Entries provided ▸
==============================
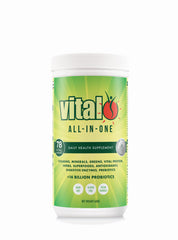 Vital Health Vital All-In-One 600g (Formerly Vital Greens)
==============================
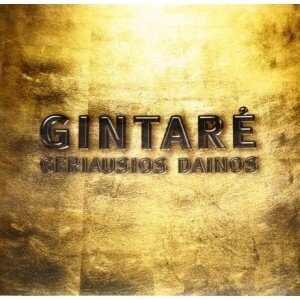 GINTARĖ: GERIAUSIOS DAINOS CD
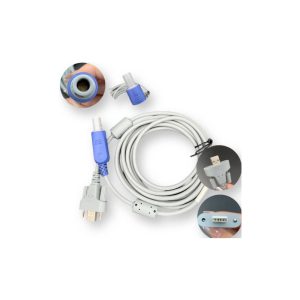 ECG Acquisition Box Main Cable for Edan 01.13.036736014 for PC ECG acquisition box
==============================
Exercise brief ▸ Everything above from the line with "GINTARĖ: GERIAUSIOS DAINOS CD" through the line with "ECG Acquisition Box Main" should be retyped exactly, and nothing else; omit pictures.

Response to this task ▸
 GINTARĖ: GERIAUSIOS DAINOS CD
 ECG Acquisition Box Main Cable for Edan 01.13.036736014 for PC ECG acquisition box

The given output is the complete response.